Opsi Penyertaan Modal Dinilai Jadi Bukti Kasus Jiwasraya Berdampak Sistemik

Pengamat Ekonomi dari Institute For Development of Economics and Finance (Indef), Enny Sri Hartati menyayangkan sikap OJK yang menganggap kasus Jiwasraya tak berdampak sistemik di industri asuransi.

"Konsekuensi statment itu banyak. Jadi pejabat tidak bisa dengan mudah kasih statment seperti itu. Apalagi ini lembaga negara," ujar Enny kepada wartawan di Jakarta, Kamis, (27/2/2020).

Seperti yang diketahui, dalam menyelamatkan Jiwasraya pemerintah melalui Menteri Keuangan (Menkeu), Sri Mulyani Indrawati membuka kemungkinan untuk memberi suntikan penyertaan modal negara (PMN) kepada perusahaan asuransi jiwa tertua di Indonesia tersebut.

Yang mana, saat ini rencana pemberian PMN masih menunggu hasil final dari rapat skema penyelamatan yang dibahas antara Kementerian BUMN bersama Komisi VI DPR RI.

Enny berpandangan, jika memang kasus Jiwasraya tidak berdampak sistemik terhadap industri asuransi nasional, mestinya permasalahan gagal bayar Jiwasraya tidak menjadi perhatian serius pemerintah.

Dengan begitu, pemerintah dan jajaran Dewan Perwakilan Rakyat (DPR) pun tidak perlu mengeluarkan wacana PMN untuk Jiwasraya dan membentuk tiga panitia kerja (Panja).

"Tapi nyatanya beda, malahan rencananya kan mau ada bailout yang nilainya belasan triliun. Jadi buat apa kalau ternyata kerugiannya kecil, karena alasannya asetnya hanya 1 persen dari total aset industri asuransi," cetus Enny.

3 dari 3 halaman

Tingkatkan Koordinasi

Kementerian Keuangan dan BUMN diketahui sedang menyiapkan opsi pemberian PMN, meski cara ini merupakan opsi terakhir atas upaya penyelamatan Jiwasraya.

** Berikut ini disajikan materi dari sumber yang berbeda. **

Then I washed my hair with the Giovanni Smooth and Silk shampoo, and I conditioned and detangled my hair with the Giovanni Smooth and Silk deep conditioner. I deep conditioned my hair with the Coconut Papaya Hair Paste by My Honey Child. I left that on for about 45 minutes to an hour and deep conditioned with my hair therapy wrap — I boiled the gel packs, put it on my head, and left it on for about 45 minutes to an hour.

Enny menilai, dengan besarnya nilai PMN itu artinya persoalan gagal bayar Jiwasraya harus segera diselesaikan karena nyatanya memiliki dampak yang besar.

Untuk itu dibutuhkan koordinasi yang padu antara pemerintah dan regulator, bukan malah mengecilkan masalah seperti yang diutarakan jajaran otoritas.

"Kalau menurut kajian OJK ternyata dampaknya kecil, DPR tidak perlu dong buat Panja. Dan harusnya Jiwasraya bisa dong selesaikan kerugiannya cepat kepada nasabah tanpa berlarut-larut," tutur Enny.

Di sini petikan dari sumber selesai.